Date of Award

5-2013

Level of Access Assigned by Author

Campus-Only Thesis

Degree Name

Master of Arts (MA)

Department

History

Advisor

Ngo Vinh-Long

Second Committee Member

Nathan Godfried

Third Committee Member

Richard Blanke

Abstract

The aim of this thesis is to explore the issues caused by Japan’s war legacies, and their adverse impact on Japan’s relations with its neighbors, political influence, and role in global affairs. Japan is economically great, and yet it has persistent problems in its relations with other East and Southeast Asian nations, particularly its critical neighbors China and the Koreas, in part because in Japan, many politicians and citizens deny the full extent of their Empire’s controversial activities during World War II and the Japanese Empire (1868-1945). Issues deriving from World War II are primary, but some legacies of the prewar Japanese Empire cannot be ignored.

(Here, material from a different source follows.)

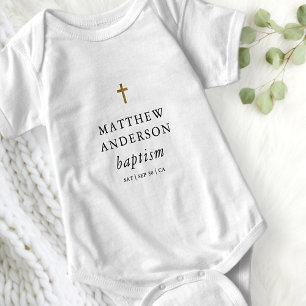 Body Para Bebê Simples e Moderno Batismo De Bebê Cruzado Elegant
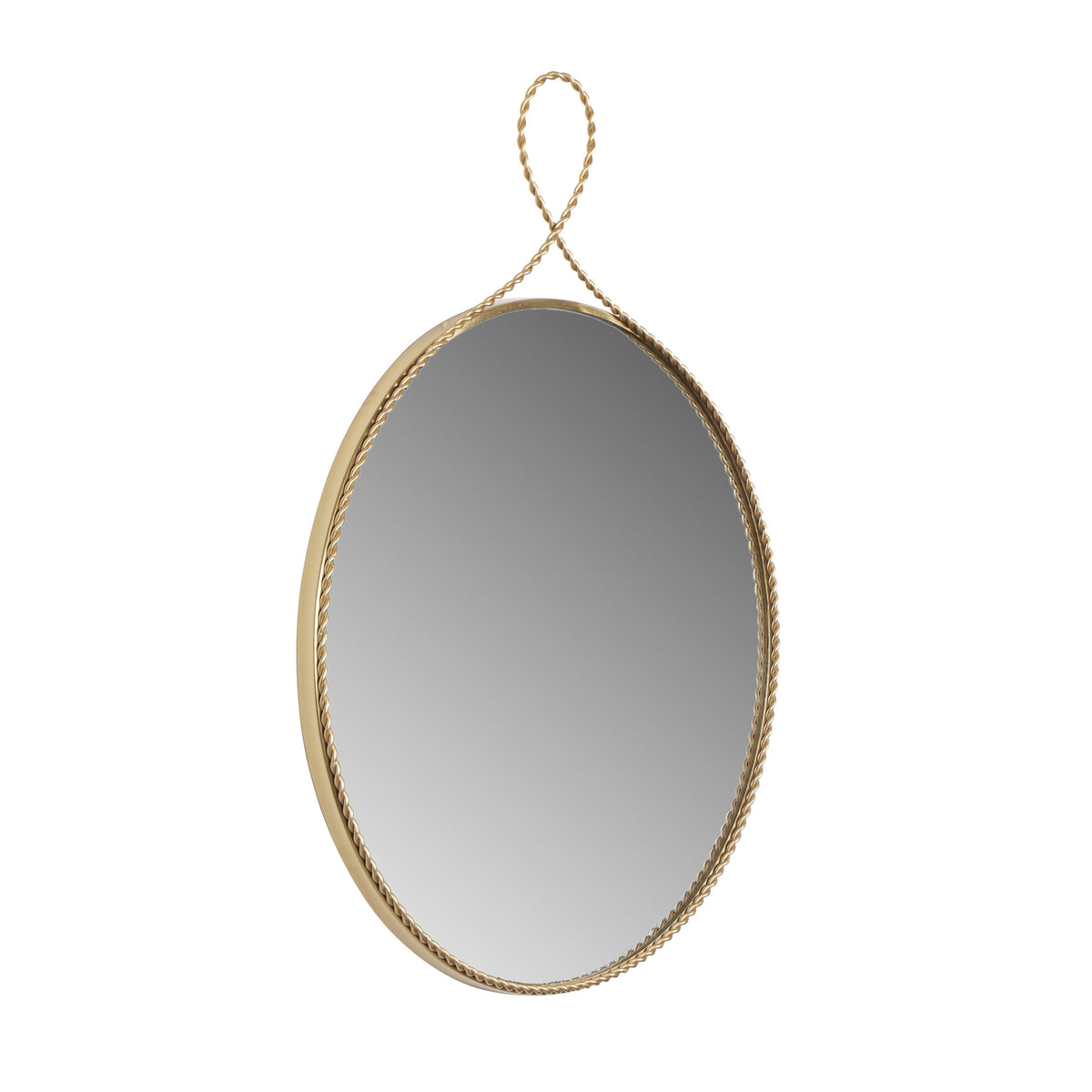 Ravina 24"X31" Braided Brass Round Wall Mirror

America considered the Cold War to be the only important reality and ignored previous activities. Japanese society rejected militarism after losing the war, but most Japanese still cannot admit the entirety of the atrocities that their military committed. The reasons Japan and America underestimate these issues may be understandable, but other nations will not allow Japan to forget. There are many books about these issues, most often about either a single issue or relationship, or focused on cultural issues such as memory and forgiveness. This paper, however, looks at all of the major issues and relationships, with a focus on nation-to-nation relations, more so than cultural issues.

The first chapter covers modem Japanese history (1868 to the present), wartime racism and the American occupation that shaped modem Japan, the Japanese postwar government, the issue of the insufficient war criminal tribunals which failed to punish. Emperor Hirohito, wartime Japan’s leader, and the trials’ mixed legacy in Japan, and Japanese relations with America and Asian nations. The core of the paper is the next two chapters, an examination of various World War II legacy issues which divide Japan and its critics. First, chapter three discusses the re-militarization of Japan despite constitutional restrictions. Chapter four covers the other issues, including insufficient governmental apology for wartime atrocities; education and textbooks which whitewashed or ignored the Empire’s history; Yasukuni Shrine, Japan’s most prominent war memorial, which enshrined the worst war criminals and defended Japan’s military activities; the Rape of Nanking, where every detail is disputed between China and Japan; the issue of “comfort women,” Asian women sexually enslaved by Japanese troops, which has become important; and last, the outlying island controversies. There are also comparisons to the different path Germany and its European neighbors have taken regarding Germany’s wartime legacy.

Instead of apologizing for their actions elsewhere in Asia, Japan focuses on its own victimization during World War II when America bombed Japanese cities. Many Japanese statements on the war mentioned Hiroshima, but not their own specific acts. Other nations resented this. This paper presents the view that Japan’s World War II legacy is a difficult one that caused ongoing difficulty in Japan’s foreign relations. Japanese politicians continually raised these war legacies, denied their culpability, and threatened to retract past apologies, so the war’s legacy remained alive.